US Open Halbfinal: Eine weitere bittere Niederlage für Federer
Aktualisiert

US Open HalbfinalEine weitere bittere Niederlage für Federer

Erstmals seit 2002 hat Roger Federer in einem Kalenderjahr keinen Major-Titel gewonnen. Im US-Open-Halbfinal unterlag er Novak Djokovic nach zwei Matchbällen 7:6 (9:7), 6:4, 3:6, 2:6, 5:7.

2011 wird als das Jahr in die Schweizer Tennisgeschichte eingehen, in welchem Roger Federer seit langem wieder einmal ohne Grand-Slam-Titel dastand. Eine Ära geht damit zu Ende. Im Halbfinal des US Open unterlag der Schweizer Novak Djokovic mit 7:6 (9:7), 6:4, 3:6, 2:6, 5:7. Und dies, nachdem er selber zwei Matchbälle hatte.

Für Federer gab es in der letzten Phase der Partie die bitterste Duplizität der Ereignisse: Nachdem er im Vorjahr im Halbfinal dem Serben nach zwei vergebenen Matchbällen unterlegen war, fehlte ihm im fünften Satz diesmal bei 5:3, 40:15 wieder nur ein Pünktchen zum Einzug in den 24. Major-Final.

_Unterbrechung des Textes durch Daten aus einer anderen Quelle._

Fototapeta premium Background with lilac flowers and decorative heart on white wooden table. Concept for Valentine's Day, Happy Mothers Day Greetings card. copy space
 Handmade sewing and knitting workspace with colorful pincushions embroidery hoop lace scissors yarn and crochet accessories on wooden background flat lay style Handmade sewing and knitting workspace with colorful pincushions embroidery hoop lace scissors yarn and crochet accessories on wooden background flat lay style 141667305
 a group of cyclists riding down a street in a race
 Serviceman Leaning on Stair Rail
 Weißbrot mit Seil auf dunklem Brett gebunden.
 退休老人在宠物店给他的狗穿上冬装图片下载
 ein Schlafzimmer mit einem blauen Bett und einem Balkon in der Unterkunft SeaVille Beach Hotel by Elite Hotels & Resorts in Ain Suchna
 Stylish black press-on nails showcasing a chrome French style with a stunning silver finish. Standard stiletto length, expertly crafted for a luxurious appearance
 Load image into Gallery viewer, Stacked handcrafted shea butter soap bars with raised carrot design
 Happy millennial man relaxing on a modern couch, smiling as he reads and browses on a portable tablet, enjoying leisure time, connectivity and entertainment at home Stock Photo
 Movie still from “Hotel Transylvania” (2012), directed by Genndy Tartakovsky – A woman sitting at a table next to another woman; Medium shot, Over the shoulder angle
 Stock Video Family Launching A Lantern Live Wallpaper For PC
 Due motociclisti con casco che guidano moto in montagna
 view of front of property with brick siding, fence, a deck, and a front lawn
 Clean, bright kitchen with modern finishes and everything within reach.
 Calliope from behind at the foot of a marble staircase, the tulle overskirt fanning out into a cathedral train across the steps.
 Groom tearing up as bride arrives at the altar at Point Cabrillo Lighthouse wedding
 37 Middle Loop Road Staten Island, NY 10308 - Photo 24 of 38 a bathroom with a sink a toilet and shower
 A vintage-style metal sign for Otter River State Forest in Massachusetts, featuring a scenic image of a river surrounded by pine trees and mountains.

Im Gegensatz zu 2010 hatte er diesmal sogar eigenen Aufschlag, aber dies änderte nichts, im Gegenteil: Djokovic wehrte den ersten Matchball mit einem der wohl schnellsten Vorhand-Returns in der Turniergeschichte ab und hatte dann Glück, dass Federers Vorhand beim nächsten Punkt via Netzkante ins Out segelte. Kurz darauf nützte er dann seinen ersten Siegpunkt nach 3:51. «Das ist mein wohl wichtigster Sieg in diesem Jahr, wenn man die ganzen Umstände betrachtet», so Djokovic unmittelbar nach dem Spiel.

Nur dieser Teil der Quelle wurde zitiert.